▸ PROMPT
Skip the pictures. Output only the lines below starting at the line with "Ministerialprotokoller, klokkerbøker og" and ending at the line with "Это инсульт или инфаркт? Как отличить?", both ends included, exactly as they are.

▸ GIVEN DATA
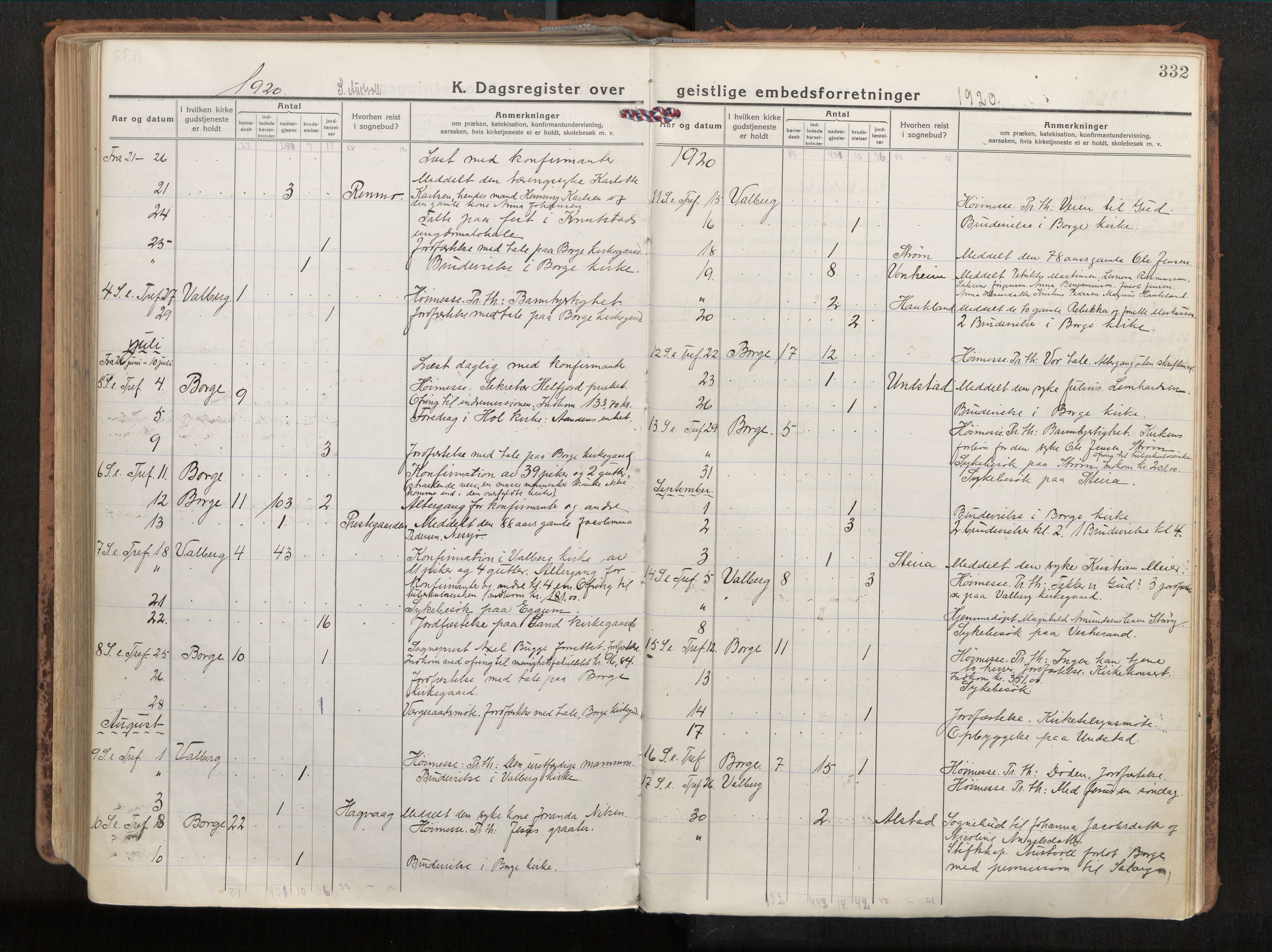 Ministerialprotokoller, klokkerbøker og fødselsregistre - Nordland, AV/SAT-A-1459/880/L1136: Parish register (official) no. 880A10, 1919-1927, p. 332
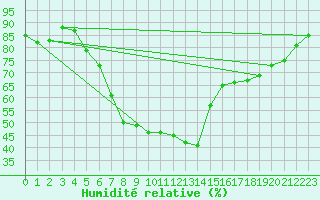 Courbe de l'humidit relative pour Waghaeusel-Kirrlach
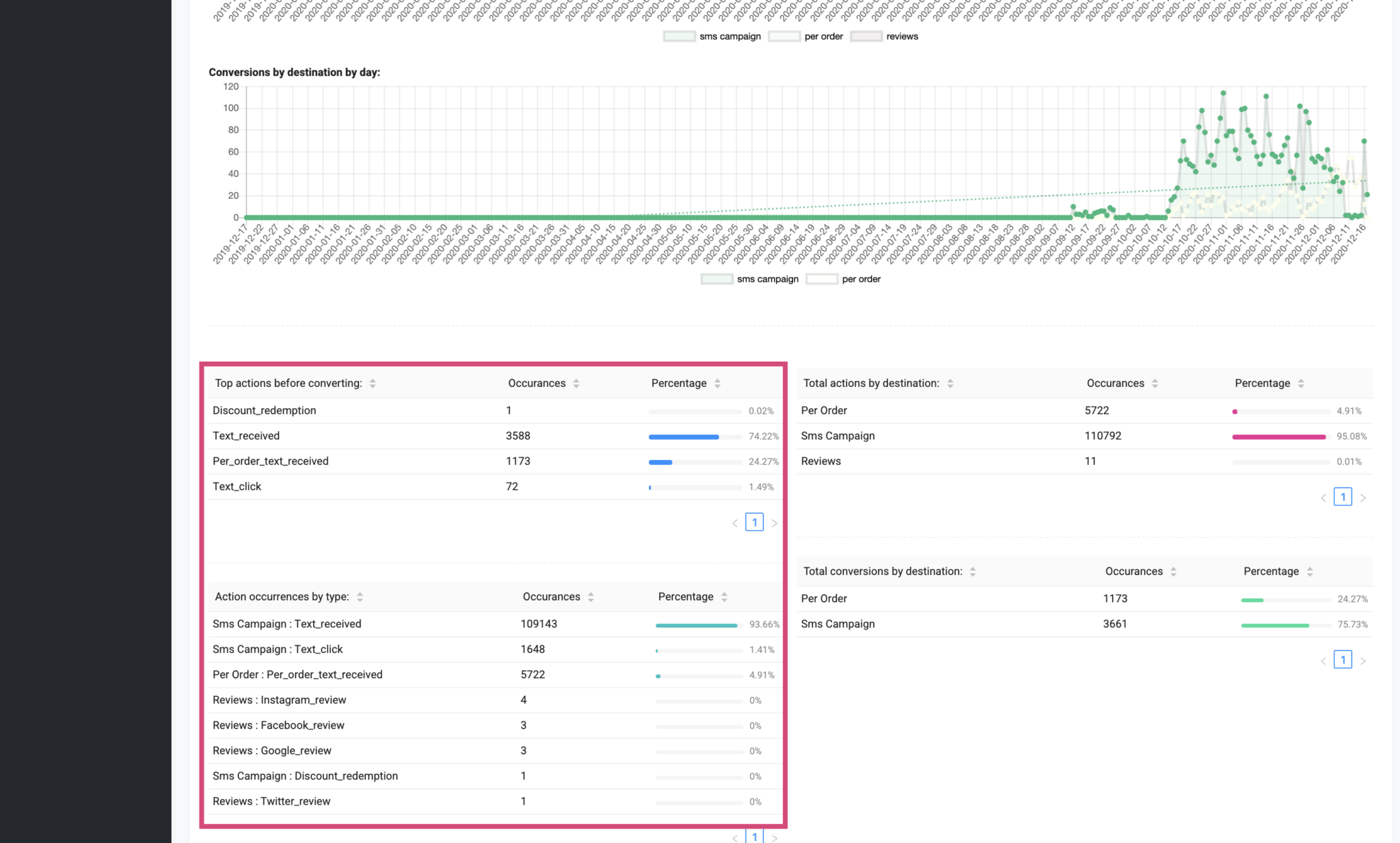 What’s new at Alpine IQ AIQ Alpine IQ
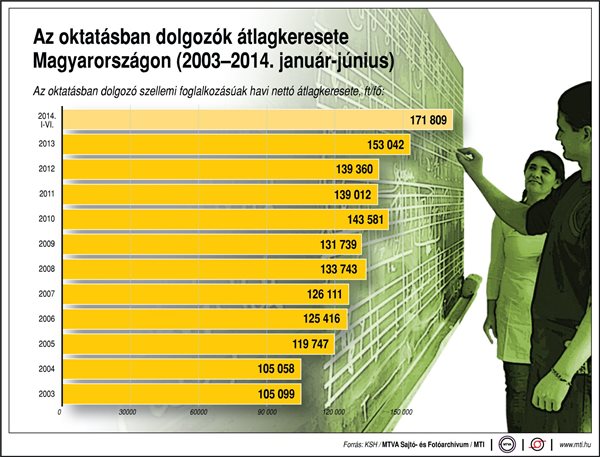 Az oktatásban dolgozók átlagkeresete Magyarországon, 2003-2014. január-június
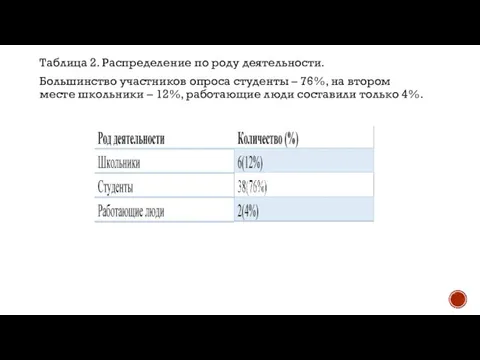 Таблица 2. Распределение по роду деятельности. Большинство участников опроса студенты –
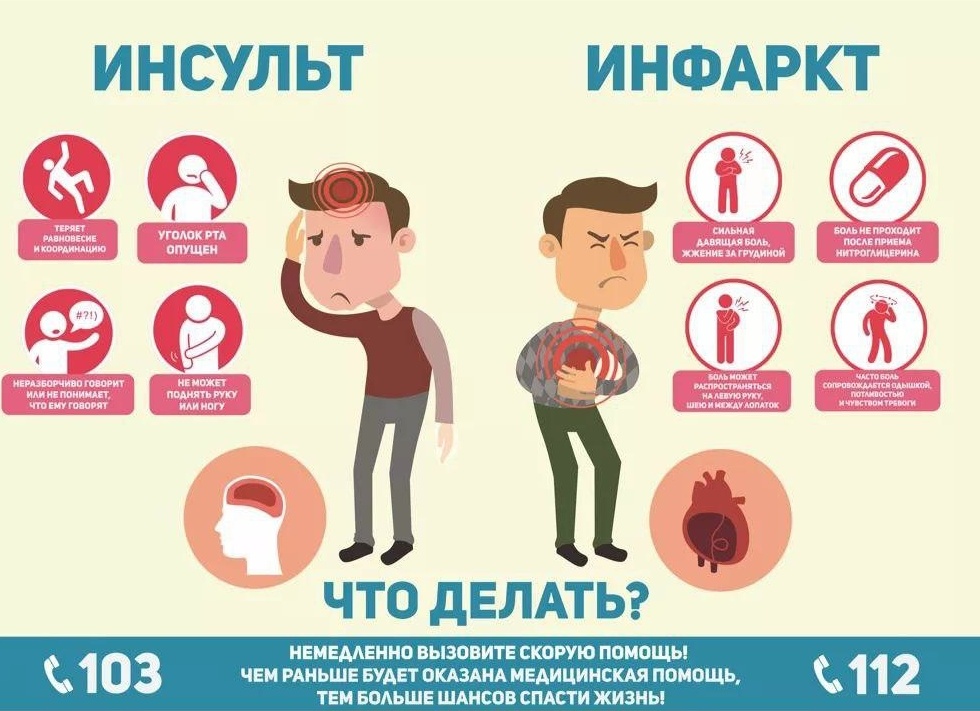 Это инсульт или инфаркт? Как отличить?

--

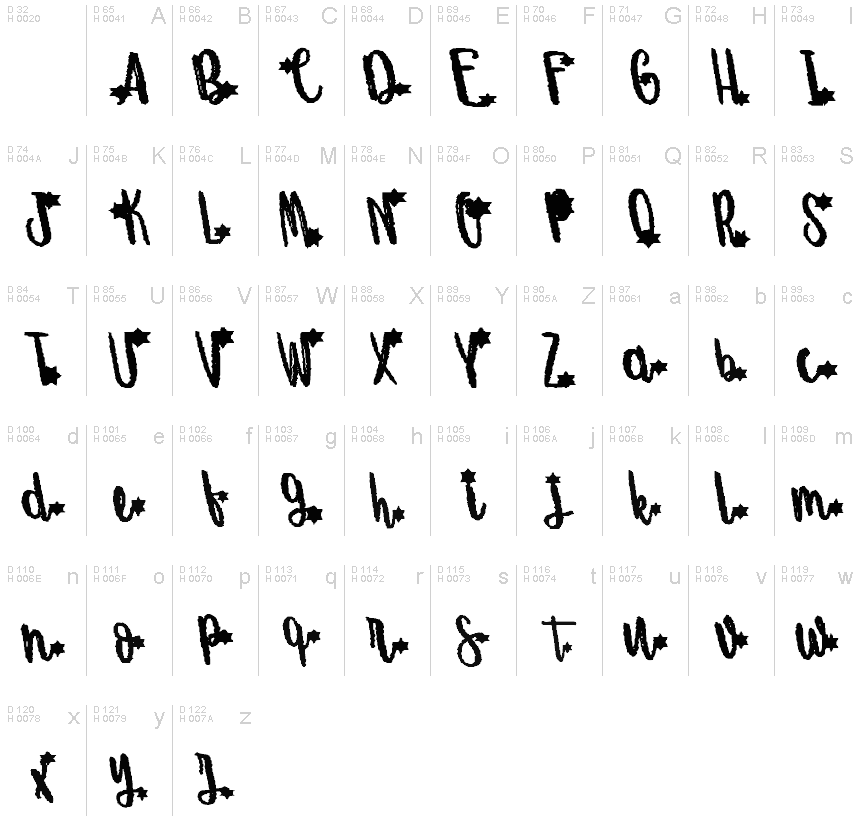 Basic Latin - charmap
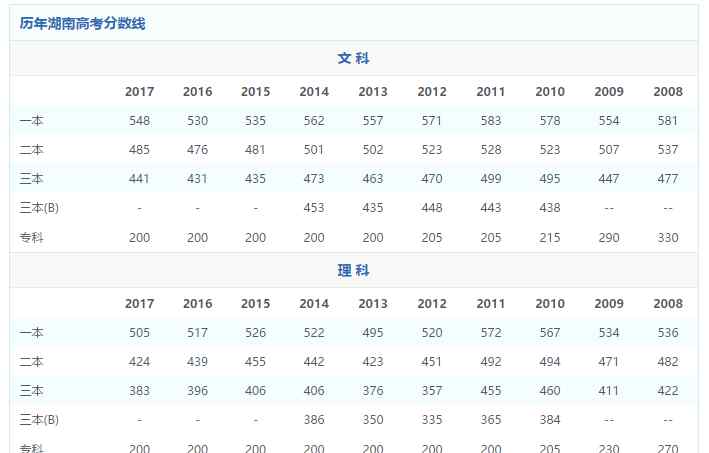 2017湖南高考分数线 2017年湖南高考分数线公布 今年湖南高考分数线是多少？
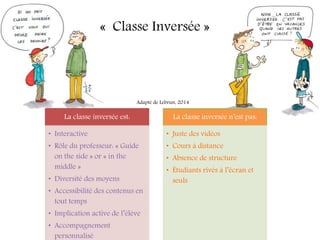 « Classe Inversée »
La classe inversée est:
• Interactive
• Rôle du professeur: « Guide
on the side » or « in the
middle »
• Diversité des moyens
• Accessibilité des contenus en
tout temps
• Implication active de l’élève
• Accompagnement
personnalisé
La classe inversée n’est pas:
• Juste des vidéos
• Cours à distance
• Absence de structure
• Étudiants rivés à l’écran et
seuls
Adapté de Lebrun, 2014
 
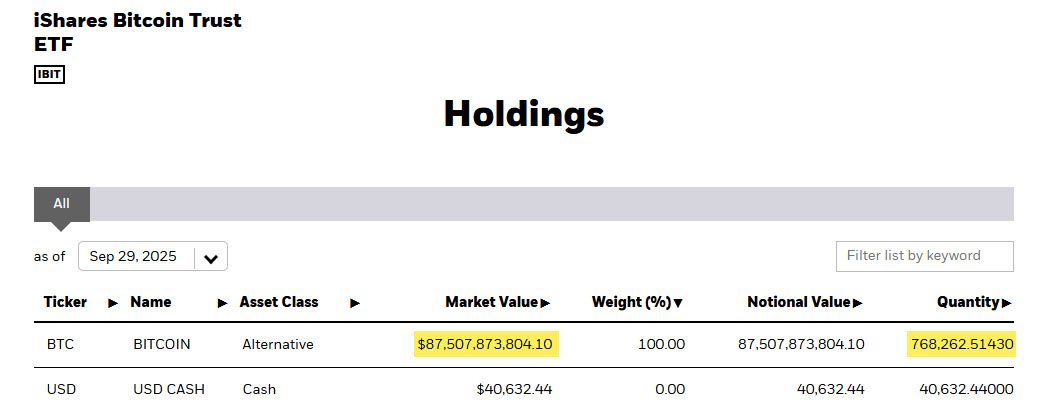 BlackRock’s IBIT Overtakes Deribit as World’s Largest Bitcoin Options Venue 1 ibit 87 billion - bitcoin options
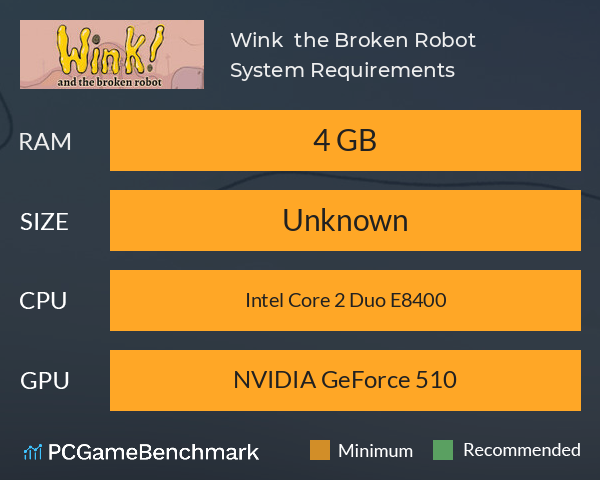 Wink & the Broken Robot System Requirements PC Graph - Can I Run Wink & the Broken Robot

...

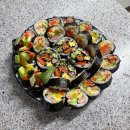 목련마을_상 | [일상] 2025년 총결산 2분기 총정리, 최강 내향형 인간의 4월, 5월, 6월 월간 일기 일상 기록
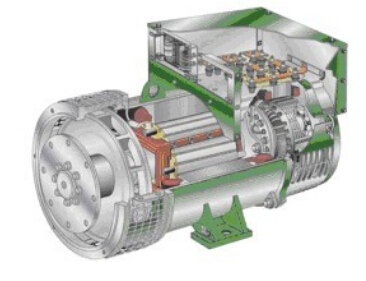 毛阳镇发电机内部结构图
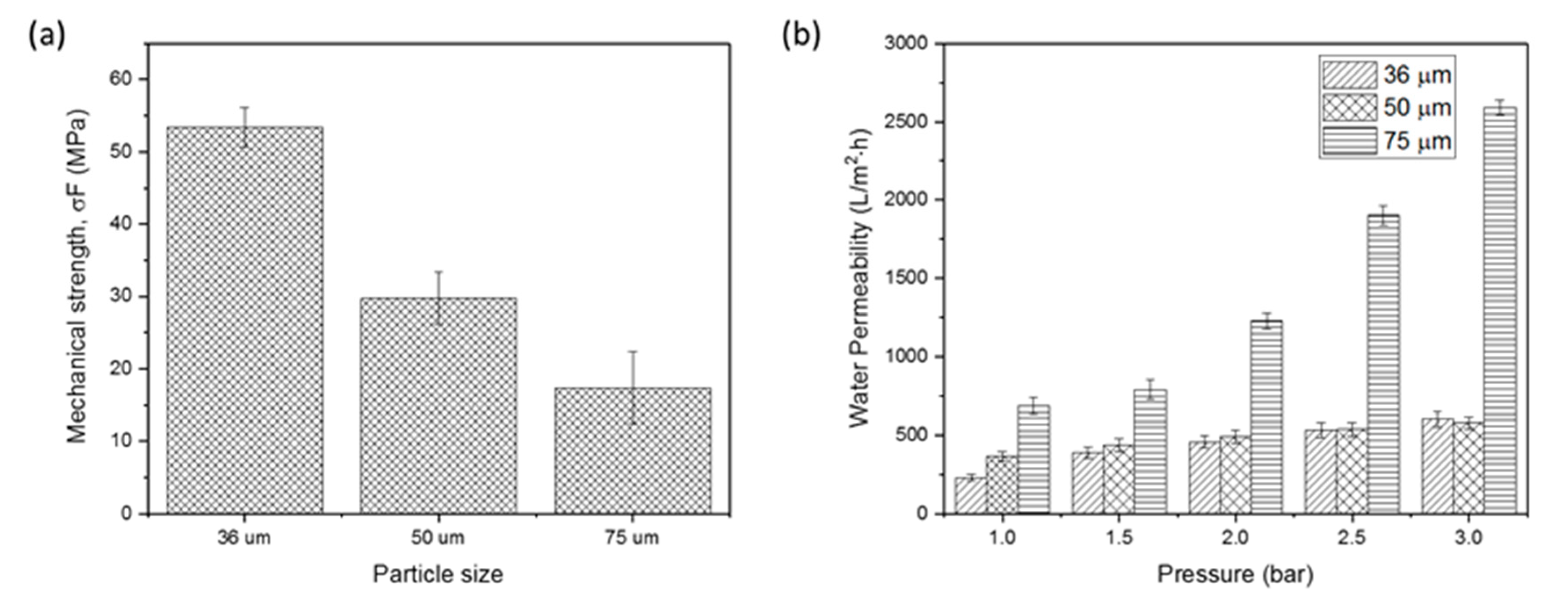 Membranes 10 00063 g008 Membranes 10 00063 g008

▸ ANSWER FOR THIS EXERCISE
 Ministerialprotokoller, klokkerbøker og fødselsregistre - Nordland, AV/SAT-A-1459/880/L1136: Parish register (official) no. 880A10, 1919-1927, p. 332
 Courbe de l'humidit relative pour Waghaeusel-Kirrlach
 What’s new at Alpine IQ AIQ Alpine IQ
 Az oktatásban dolgozók átlagkeresete Magyarországon, 2003-2014. január-június
 Таблица 2. Распределение по роду деятельности. Большинство участников опроса студенты –
 Это инсульт или инфаркт? Как отличить?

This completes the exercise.